Design for the Future
With its flexible hybrid facilities and imaginatively located temporary venues, London 2012 is a good model. It looks likely that Rio 2016, will follow its example, thus begging the question – what opportunities are there for temporary architecture in the future? I believe the key to future success and sustainability is in striking the right balance between a permanent core of facilities and a super-flexible complement of temporary additions. The industry is starting to respond to design demands for these temporary additions. The materials being used now are fully recyclable and design is becoming more intelligent , i.e. seating that folds up smaller, so more can be packed onto a lorry. This in turns leads to fewer lorries and fewer emissions. Essentially, it creates a virtuous cycle of sustainability. In the long term, the vision is to create a wide range of buildings from a standard kit of parts across the temporary event industry. This modularised system will ensure that each temporary component fits together smoothly, making the finished design neater and more efficient, and spelling an end to awkward-looking onsite fixes.

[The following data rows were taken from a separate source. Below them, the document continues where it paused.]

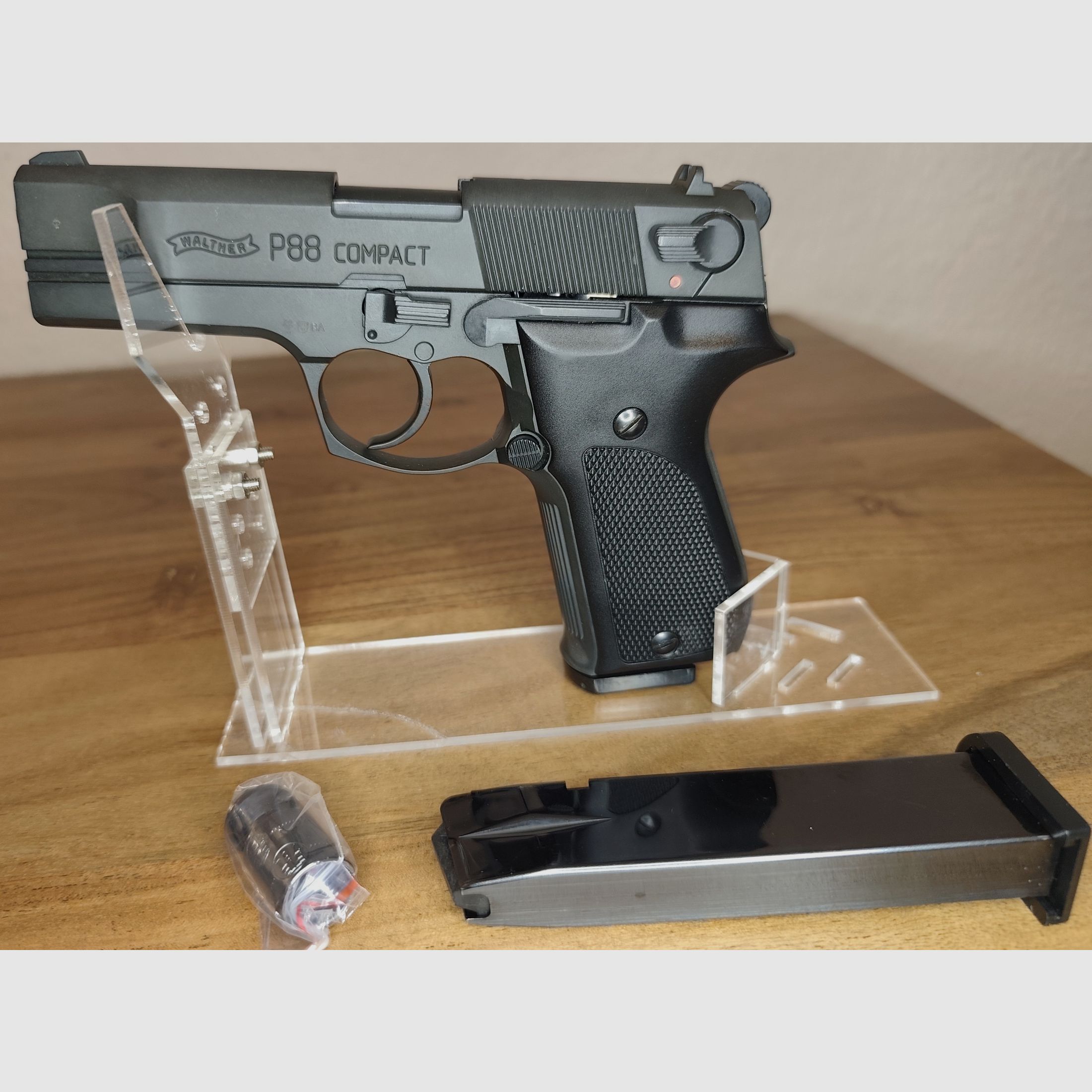 Walther P 88 Compact 9mm 2xMagazin schwarz PTB 764 Neuwertig Silvester-Set 25xPyro Effekte+50 Schuss Munition P.A.K.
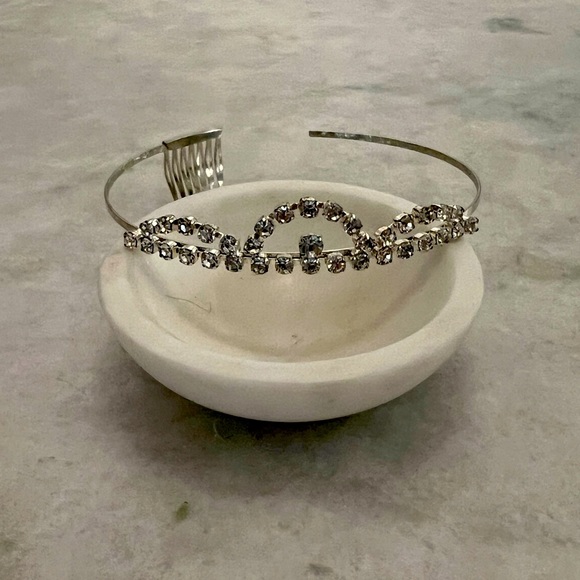 Tiara - Picture 1 of 2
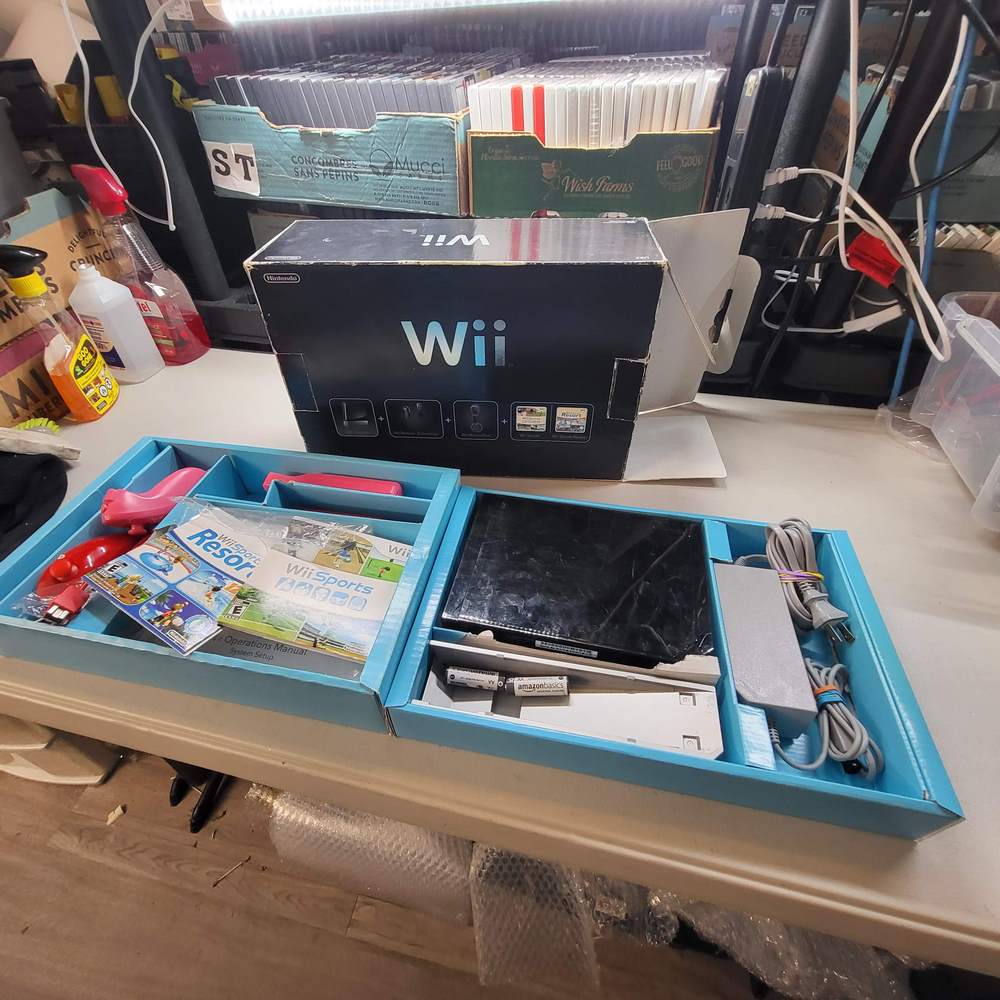 Black Original Used Console Nintendo Wii System (CIB) + 2 X New 3rd Party controller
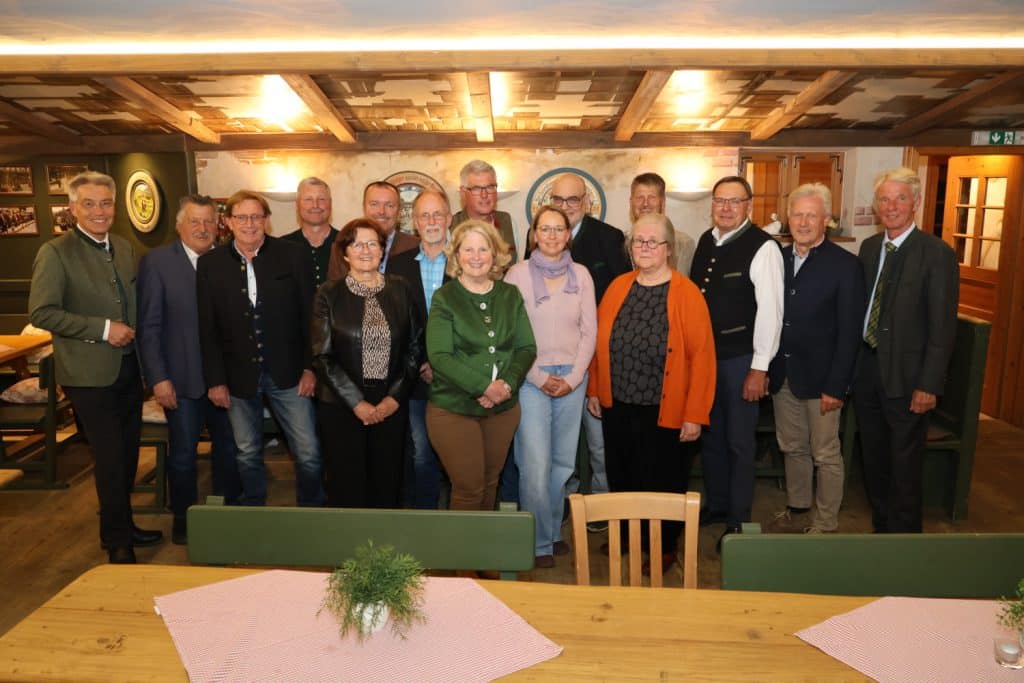 Gruppenbild mit Landrat und ehemaligen Mitgliedern des Kreistags.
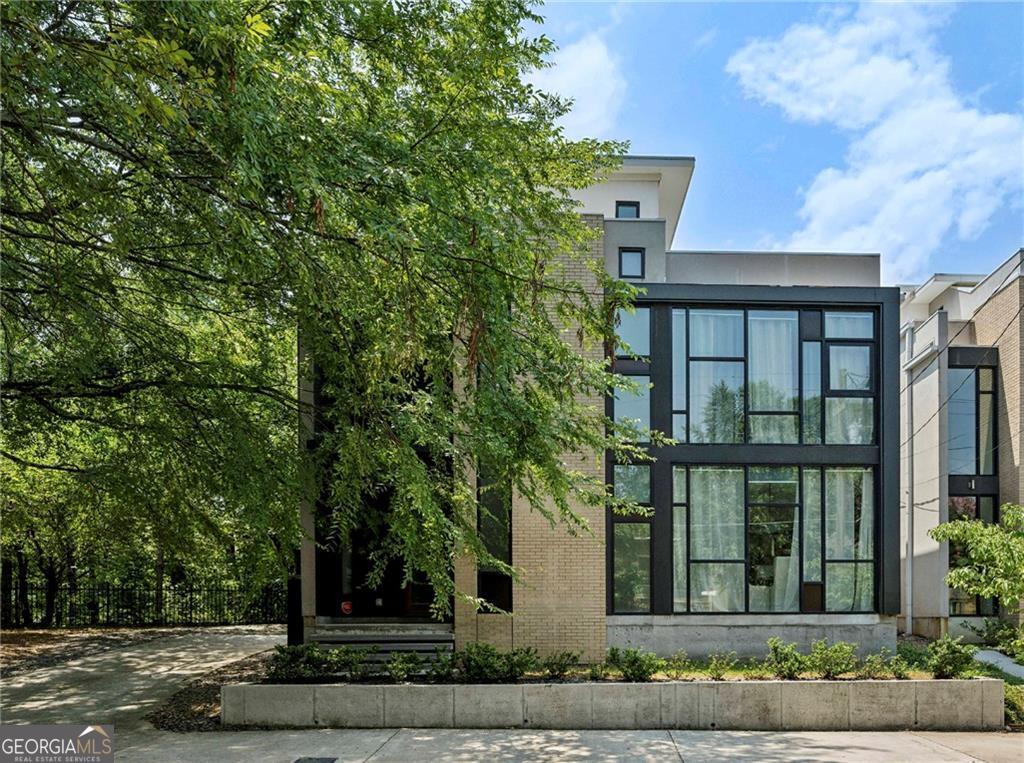 Foto principal - 575 Highland Ave NE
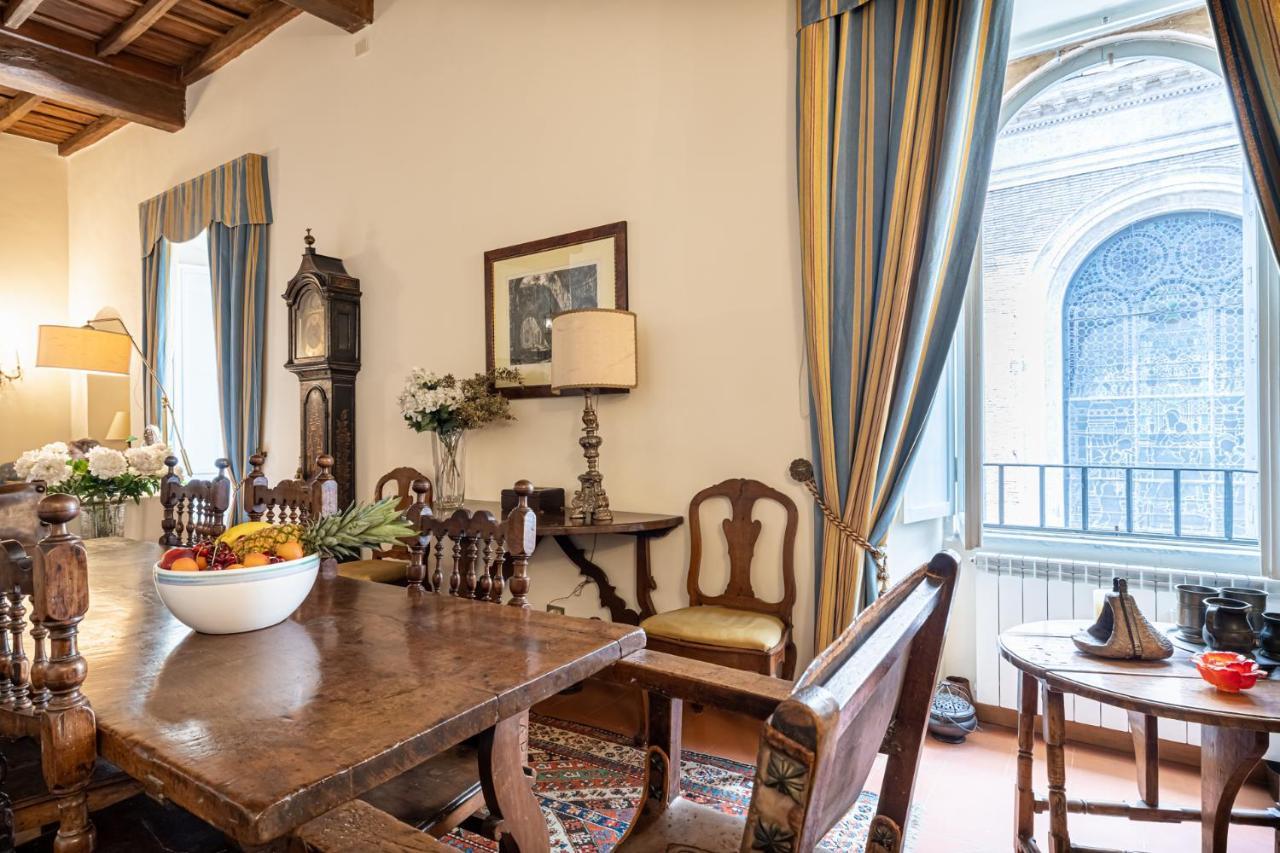 Roman Holiday For 6 By Piazza Navona Appartement Rome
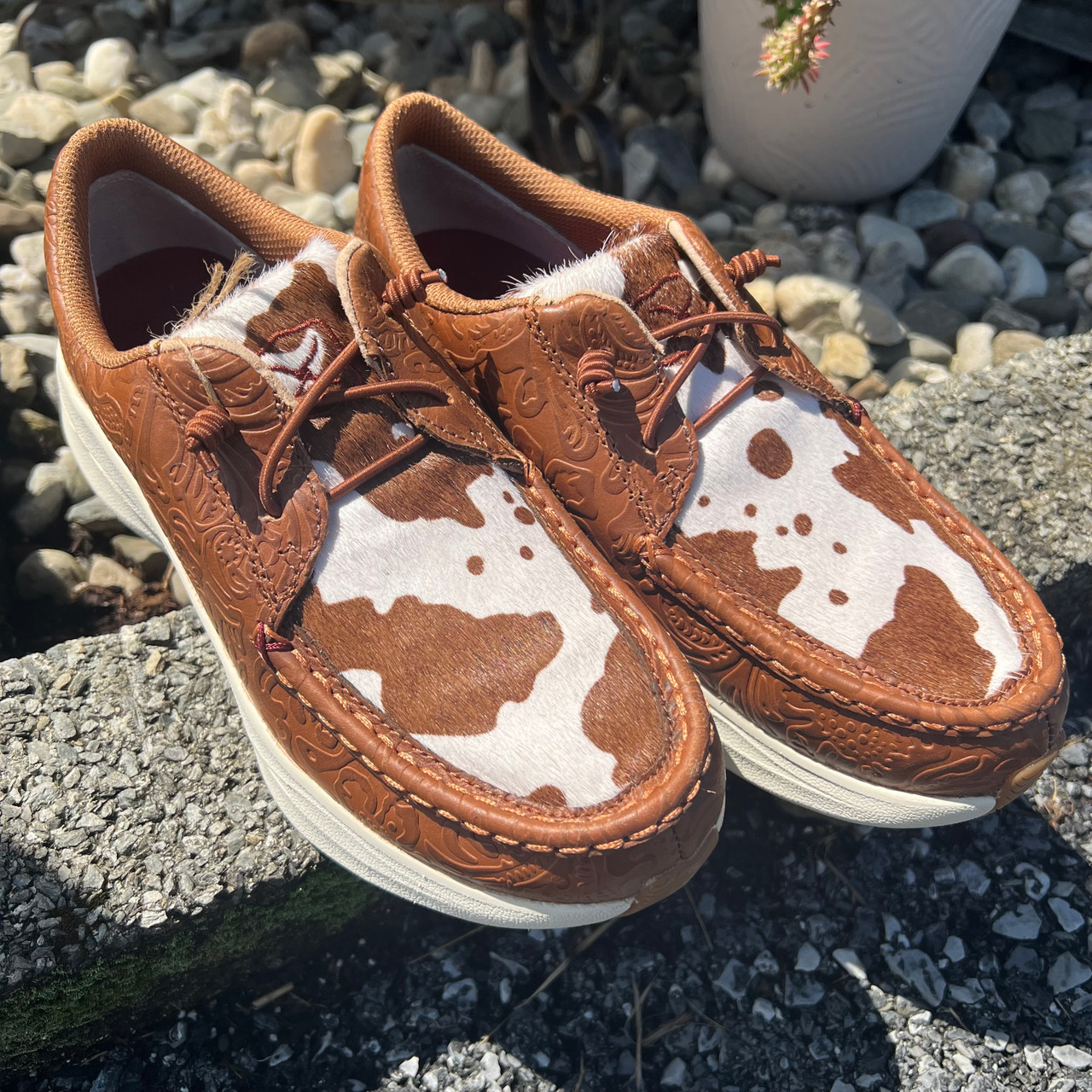 ユウイチロウ Twisted X Women's Floral Embossed Cowhide Ultralite Shoe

At Populous, we certainly see the future of temporary architecture as being very creative. We’ll continue to explore materials in a new way, creating new potential for hosting sports and entertainment venues and strengthening the case for its use. Whether it’s an Olympic venue, a World Cup stadium, or a Formula One track, the same principles apply and our aim is to incorporate these principles at the very outset of a project so that
the architectural solution is fully resolved for the event, the overlay and the legacy requirements. One thing is certain: building on its current foundations of flexibility, sustainability and the ability to create the
extraordinary – temporary architecture is a discipline with an exciting future.